Member of the Delaware Senate from the 7th district
- Incumbent
- Assumed office January 12, 2021
- Preceded by: Anthony Delcollo

Personal details
- Party: Democratic
- Alma mater: Muhlenberg College University of Delaware
- Profession: Professor

= Spiros Mantzavinos =

American politician from Delaware

Spiros Mantzavinos is an American politician. He is a Democratic member of the Delaware Senate representing District 7.

== Career ==
In the 1990s, Mantzavinos worked as a legislative assistant and research analyst with the Delaware Senate. He went on to be Vice President of the New Castle County Chamber of Commerce. He founded and owns The Mantzavinos Group, a strategic communications consulting firm.

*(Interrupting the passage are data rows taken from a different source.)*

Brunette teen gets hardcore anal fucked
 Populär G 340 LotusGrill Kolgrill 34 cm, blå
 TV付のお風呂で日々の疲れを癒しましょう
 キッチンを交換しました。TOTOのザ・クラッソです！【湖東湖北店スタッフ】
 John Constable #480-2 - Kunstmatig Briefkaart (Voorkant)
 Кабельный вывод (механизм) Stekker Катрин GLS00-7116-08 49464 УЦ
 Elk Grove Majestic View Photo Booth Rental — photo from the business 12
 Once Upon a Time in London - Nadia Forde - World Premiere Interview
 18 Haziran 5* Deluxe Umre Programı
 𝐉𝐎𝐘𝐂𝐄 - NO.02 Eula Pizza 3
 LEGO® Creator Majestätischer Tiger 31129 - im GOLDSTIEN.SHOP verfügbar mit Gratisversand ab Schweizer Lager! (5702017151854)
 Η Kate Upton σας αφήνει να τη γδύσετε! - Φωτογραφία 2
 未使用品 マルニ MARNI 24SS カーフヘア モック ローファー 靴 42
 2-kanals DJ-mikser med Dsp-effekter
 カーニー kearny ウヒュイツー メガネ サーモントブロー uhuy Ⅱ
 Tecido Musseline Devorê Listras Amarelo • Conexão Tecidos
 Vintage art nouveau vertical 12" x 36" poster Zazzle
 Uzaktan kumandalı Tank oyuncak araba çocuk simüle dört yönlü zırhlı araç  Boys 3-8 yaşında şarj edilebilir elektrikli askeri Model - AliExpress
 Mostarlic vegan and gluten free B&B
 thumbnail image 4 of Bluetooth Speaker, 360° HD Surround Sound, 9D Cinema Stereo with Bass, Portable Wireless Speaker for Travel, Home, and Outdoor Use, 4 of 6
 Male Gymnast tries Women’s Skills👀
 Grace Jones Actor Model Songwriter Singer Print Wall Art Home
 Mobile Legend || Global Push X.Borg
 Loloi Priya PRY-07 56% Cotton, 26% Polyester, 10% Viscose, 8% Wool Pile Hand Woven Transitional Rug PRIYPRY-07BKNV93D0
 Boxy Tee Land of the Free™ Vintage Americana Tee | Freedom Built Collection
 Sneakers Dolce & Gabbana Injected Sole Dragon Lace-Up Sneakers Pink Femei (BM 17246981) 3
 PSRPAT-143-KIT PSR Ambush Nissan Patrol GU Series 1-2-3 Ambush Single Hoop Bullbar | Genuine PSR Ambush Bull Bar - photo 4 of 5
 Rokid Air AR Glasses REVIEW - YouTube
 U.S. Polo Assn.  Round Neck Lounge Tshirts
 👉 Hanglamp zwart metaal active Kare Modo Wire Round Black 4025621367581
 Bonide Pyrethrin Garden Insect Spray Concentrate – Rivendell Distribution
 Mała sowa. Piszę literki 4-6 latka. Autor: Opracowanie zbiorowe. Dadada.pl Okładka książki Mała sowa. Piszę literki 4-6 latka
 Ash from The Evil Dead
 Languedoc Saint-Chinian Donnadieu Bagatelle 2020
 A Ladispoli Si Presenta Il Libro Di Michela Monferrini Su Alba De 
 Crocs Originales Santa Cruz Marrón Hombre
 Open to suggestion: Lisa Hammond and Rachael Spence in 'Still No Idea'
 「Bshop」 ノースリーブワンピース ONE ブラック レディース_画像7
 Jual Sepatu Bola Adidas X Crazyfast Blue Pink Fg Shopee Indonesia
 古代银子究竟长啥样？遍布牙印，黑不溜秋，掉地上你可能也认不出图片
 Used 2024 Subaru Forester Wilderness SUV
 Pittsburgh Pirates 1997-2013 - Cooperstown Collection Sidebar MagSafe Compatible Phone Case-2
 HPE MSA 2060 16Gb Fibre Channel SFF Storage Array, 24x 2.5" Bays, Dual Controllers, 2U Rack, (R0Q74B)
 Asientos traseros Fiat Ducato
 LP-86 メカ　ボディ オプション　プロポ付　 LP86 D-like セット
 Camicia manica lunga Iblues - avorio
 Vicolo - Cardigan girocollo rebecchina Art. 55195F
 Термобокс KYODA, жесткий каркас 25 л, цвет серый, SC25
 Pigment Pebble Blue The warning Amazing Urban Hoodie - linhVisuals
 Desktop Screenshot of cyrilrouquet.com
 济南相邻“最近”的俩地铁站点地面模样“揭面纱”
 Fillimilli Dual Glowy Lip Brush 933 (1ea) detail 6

Mantzavinos was first elected to the Delaware Senate in 2020. He is known for his work in health and insurance policy and currently serves as Chair of the Senate Banking, Business, Insurance & Technology Committee.

== Education ==
Mantzavinos earned bachelor’s degrees in economics and political science from Muhlenberg College, as well as a master’s degree in political science from the University of Delaware. He has taught as an adjunct professor at Wilmington University.

== Legislation ==
Mantzavinos is known for his work in long-term care and insurance policy. In 2025, he introduced legislation to update the long-term care resident’s bill of rights to protect against discrimination on the basis of belonging to a protected class.

== Electoral history ==
2020: Mantzavinos defeated Republican nominee Anthony Delcollo in the General Election held on November 3, 2020, with 10,399 votes (51.35%).

2022: Mantzavinos won reelection against Republican nominee M. Sherm Porter in the General Election held on November 8, 2022, with 7,663 votes (58.69%).